Indian politician, academic and artist

Surabhi Vani Devi (born 1 April 1952) is an Indian politician, academic and artist. She is the daughter of P. V. Narasimha Rao, former Prime Minister of India. She was elected as MLC in Telangana Legislative Council election from Mahbubnagar–Rangareddy–Hyderabad Graduates constituency in March 2021.

== Early life ==
Vani Devi was born to former Prime Minister of India, P. V. Narasimha Rao on 1 April 1952 in Vangara village of then Karimnagar district in Telangana, India. She did her schooling from HSC from Govt. Girls High School, Hyderguda, B.A. from Osmania University and Diploma in Fine Arts from JNTU. She served as a lecturer in JNTU between 1990 and 1995.

== Academic activities ==
Vani Devi is an artist, educationist, social activist past 35 years, founder-principal of the Sri Venkateshwara Group of Institutions.
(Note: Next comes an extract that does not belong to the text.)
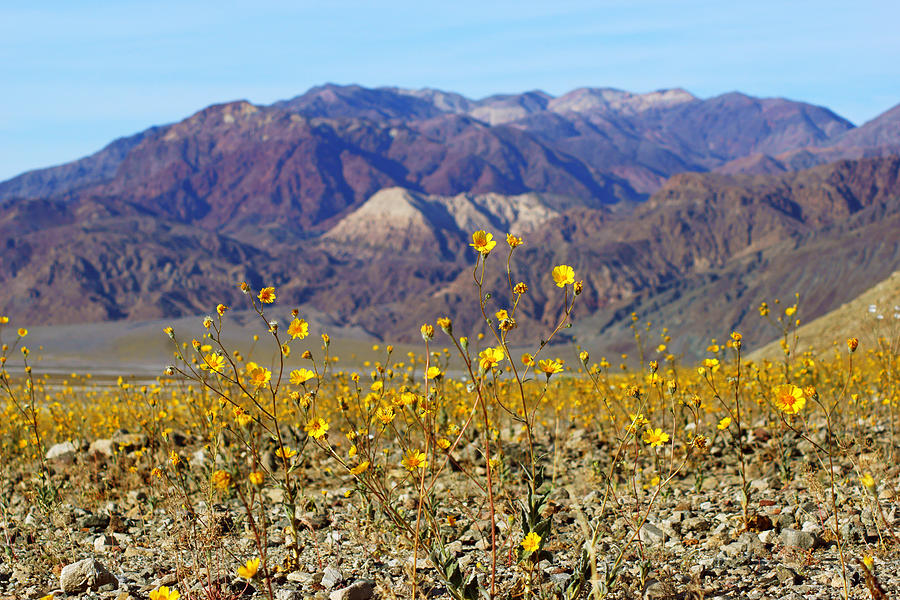 Death Valley Superbloom 405 Photograph by Daniel Woodrum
She established Surabhi Educational Society, Sri Venkateshwara College of Fine Arts In the year 1991.

== As an artist ==
She is an artist, her favorite subject is Nature and medium is Water Colors and Acrylics. She has held more than 15 solo exhibitions, several group shows, seminars, talks in India and abroad since 1973.

== Awards ==
1. Awarded International Women’s Achievement Award by Telangana State Government in 2016.
2. Awarded Pratibha Puraskar award by Potti Sreeramulu Telugu University.